As a kid he spent afternoons at the library, listening to records and poring over photos of studios to see how the masters set themselves up. He wore out his favourite albums trying to piece together how they were made, cataloging the hundreds of tiny decisions that went into each recording. He saw more possibilities in his four track than he did in any instrument. “I could do so much more,” he says. “I had so much more control over everything.”

He’s since put those years of adolescent study to use in his East Hastings studio, Little Red Sounds. He’s produced for Vancouver bands like Needles//Pins, Girlfriends and Boyfriends, The Ballantynes, Mode Moderne,Chains of Love, and Shimmering Stars, among many others. If you’ve listened to a Vancouver band, chances are you’ve heard his touch.

Felix’s approach in the studio depends on what the band brings. Sometimes a band shows up with concrete notions of what they want. If that’s the case, Felix says, his job is to protect their vision. Other times, they’re not so sure. Figuring out what they need is an intuitive process of give and take, under the deceptively laid-back guise of just hanging out, talking, and listening to music. Felix tries to give them “touchstones in sound” (as an example, he offers the iconic drum sound from In The Air Tonight, which is now tied to a specific and, let’s face it, cheesy era in the collective memory).
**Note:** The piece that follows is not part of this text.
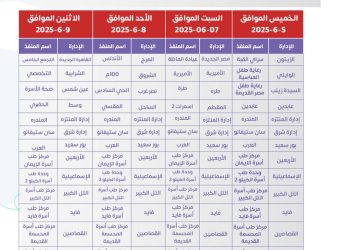 “الصحة”: 58 مركزًا لإجراء فحوصات المقبلين على الزواج خلال فترة إجازة عيد الأضحى المبارك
What he won’t do is lean on technology. “A lot of that stuff sweetens, but it’s also to fix,” he says of modern production setups. Almost everything in Little Red is analog, not far removed from the four track that started him down this path. “There are no real tricks here,” he says. “We focus more on instruments and ideas, I think that’s worth a lot more.”

Felix’s pulls his main influences from his love of 60s music. He cites bands like My Bloody Valentine, Velvet Underground, Jesus and Mary Chain, Brian Jonestown Massacre and, of course, The Beatles as his developmental keystones. Basically, whatever was playing on the oldies stations when he was growing up. “You’re going from uptown Sinatra hits all the way down to The Troggs, and everything in between.”

Same goes for the Vancouver music scene. There’s a breadth of styles for whatever listeners want to hear. The important thing is to support them. “People have to go to shows,” Felix says. “The more beer we sell, the better it is for everyone.”